霞が関の官僚は総理大臣の支持率が高く、権勢を振るっているときは、その懐に入り込んでともに貪る。だが、いったん落ち目になると、残った権力をとことん使わせ、役所に都合のいい政策を進めさせようとする。本誌伝統企画・覆面官僚座談会を緊急招集した。出席者は財務省の中堅A氏、経産省中堅B氏、外務省若手C氏だ。官僚たちは今何を考えているのか。
──増税したい財務省にすれば、安倍晋三政権が弱体化するほどコントロールしやすくなる。
外務C:一番てっとり早いのは、財務省嫌いの安倍総理と菅義偉官房長官を引き離すこと。最近、2人の関係にすきま風報道がしきりに流れている。
経産B:防衛省からも5月に作成した部隊運用の内部文書が流出し、共産党の手に渡った。防衛省内には外務省主導の安保法制に不満が強い。内閣支持率が下がったタイミングであることを考えると、安倍政権の揺さぶりを目的とした政治的意図を感じる。森(喜朗)政権末期や第一次安倍政権末期も官邸のネガティブな情報がどんどん漏れて支持率が急降下した。今回もリークは増えていくのではないか。
──ズバリ聞くが、財務省は安倍政権に退陣してもらいたい?
外務C:基本的に信頼関係がないから、そうなんじゃないですか。
財務A:とんでもない。財政再建をしっかりやっていただければ不満はありません(笑い)。
経産B:石破茂、谷垣禎一、林芳正、ポスト安倍の有力候補はみんな財務省に洗脳されてガチガチの増税論者。いま、財務官僚は安倍総理が後継者にしようとしている「稲田姫」(稲田朋美・政調会長)に張り付き、教育中じゃないですか。
──しかし、その稲田政調会長は安倍政権の経済政策の基本方針(骨太の方針)に歳出削減目標を盛り込むように主張したが、菅官房長官や甘利利明経済財政相に突っぱねられた。

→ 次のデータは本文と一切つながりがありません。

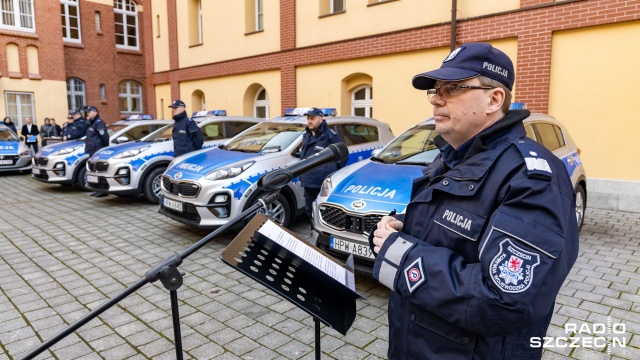 Fot. Robert Stachnik [Radio Szczecin] Świąteczny prezent dla policjantów z regionu [WIDEO, ZDJĘCIA]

財務A:稲田さんが負けるのは想定の範囲内。ウチの上層部は稲田さんが官邸相手にどこまで頑張れるかを試したかったのだと思う。
経産B:財務省が政治家を試すときによくやる手法で、稲田姫がどこまで財務省のいいなりに動くかという試験だった。それに合格した。
外務C:これで安倍政権が倒れたとき、誰がポスト安倍に登場しても財務省がヘゲモニーを握れるというわけですね。